### EXERCISE BRIEF
Find the line below with "Mackenzie River Pizza, Grill & Pub". Print it and every line after it exactly, through the last line, leaving out the pictures.
»»
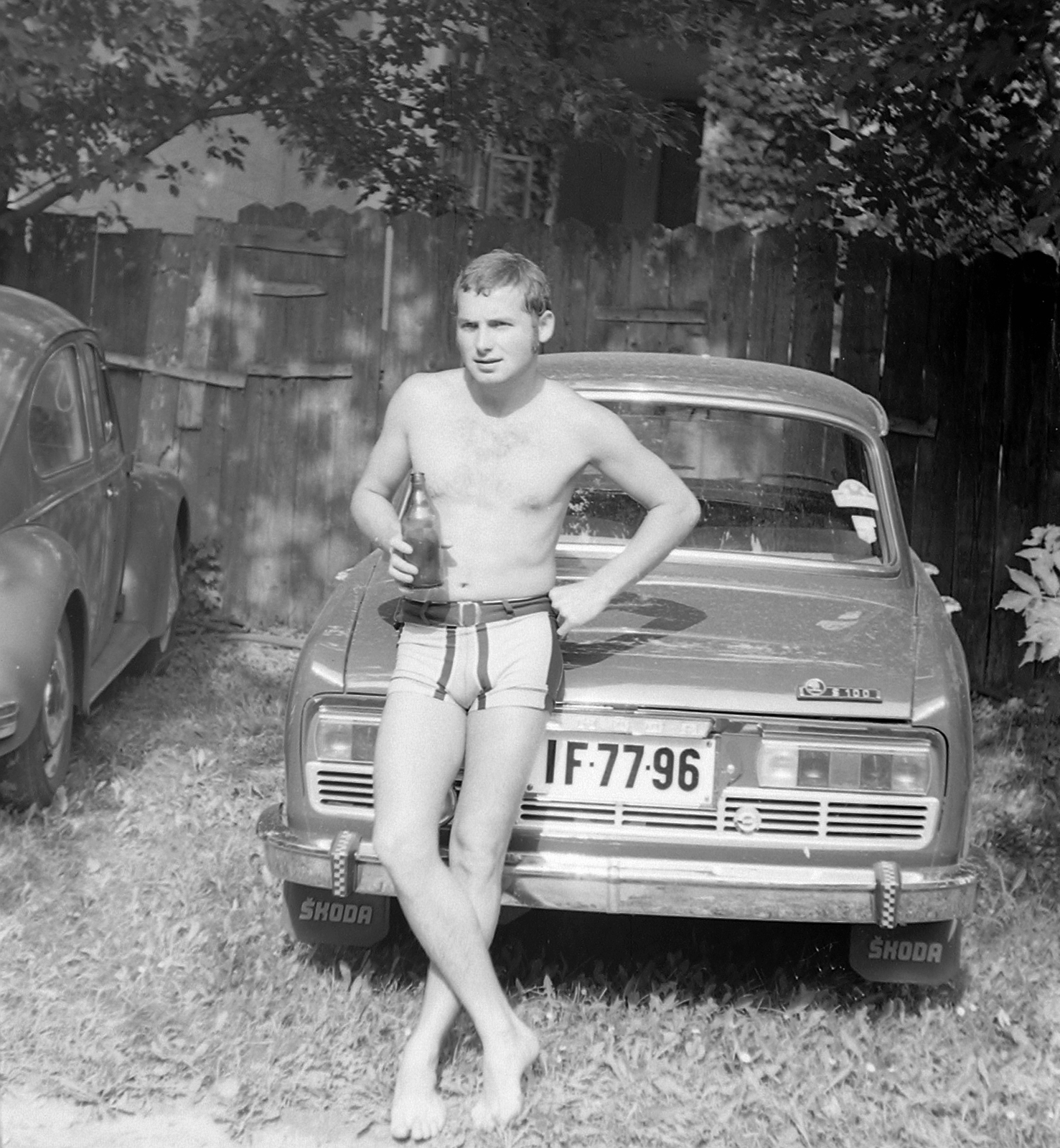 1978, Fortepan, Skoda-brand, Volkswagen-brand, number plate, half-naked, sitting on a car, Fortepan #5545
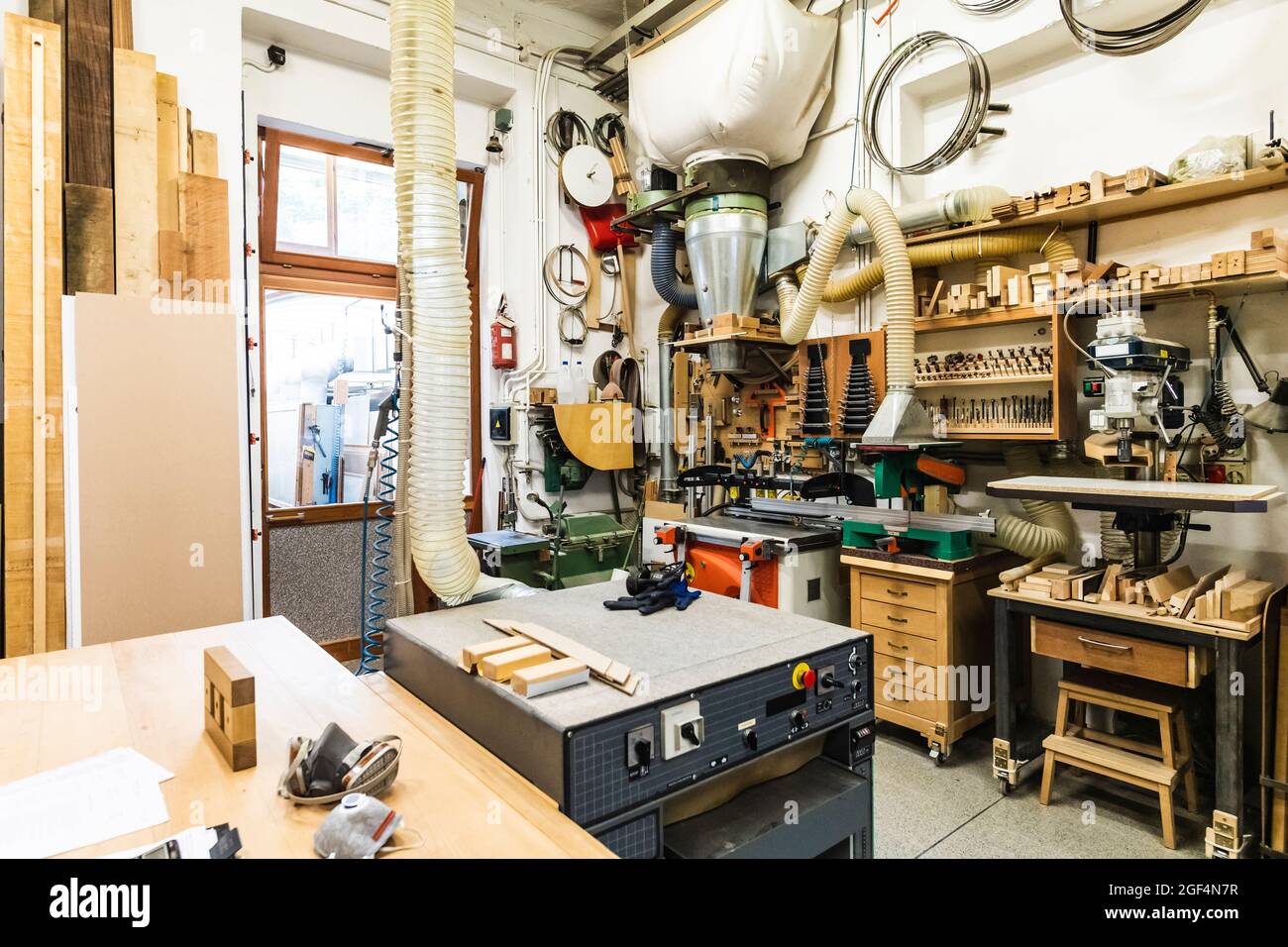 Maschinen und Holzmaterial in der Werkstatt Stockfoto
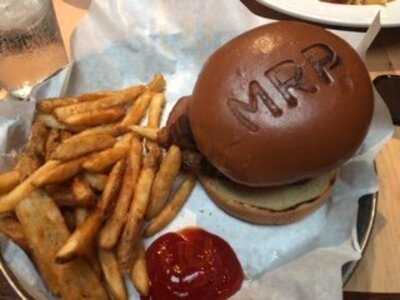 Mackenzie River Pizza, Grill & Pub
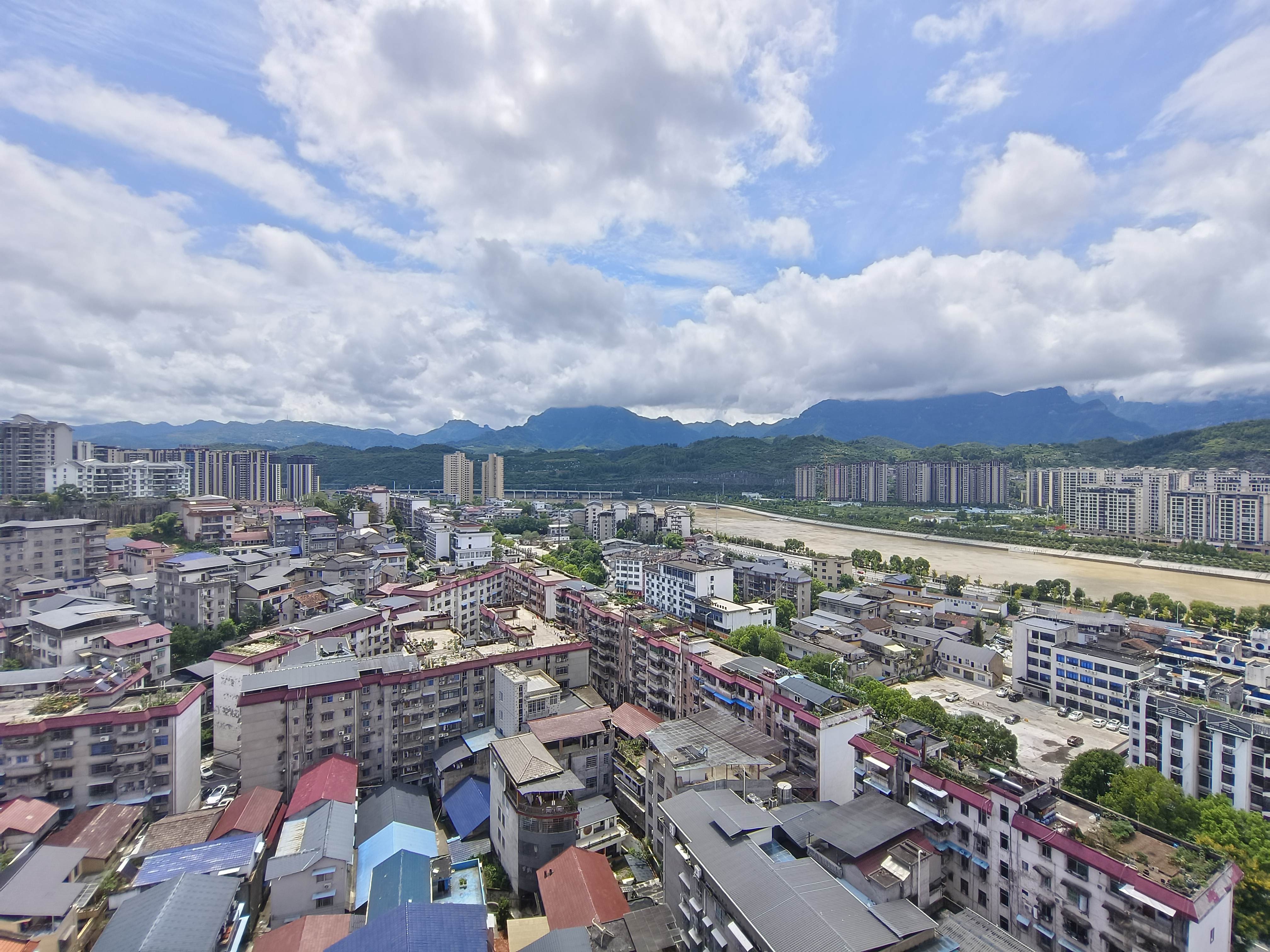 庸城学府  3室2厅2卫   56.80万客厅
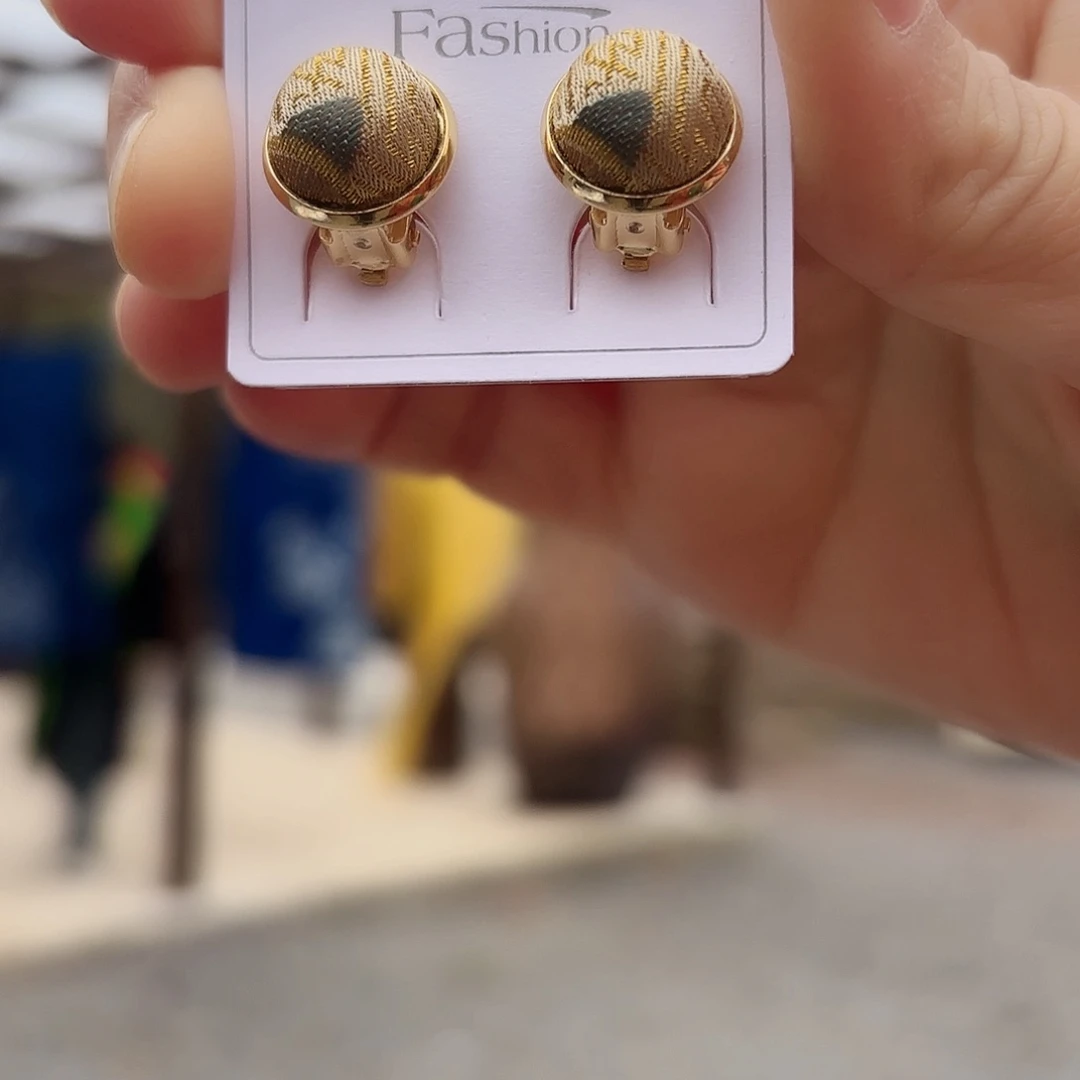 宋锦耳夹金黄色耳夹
««
### RESPONSE AREA
 Mackenzie River Pizza, Grill & Pub
 庸城学府  3室2厅2卫   56.80万客厅
 宋锦耳夹金黄色耳夹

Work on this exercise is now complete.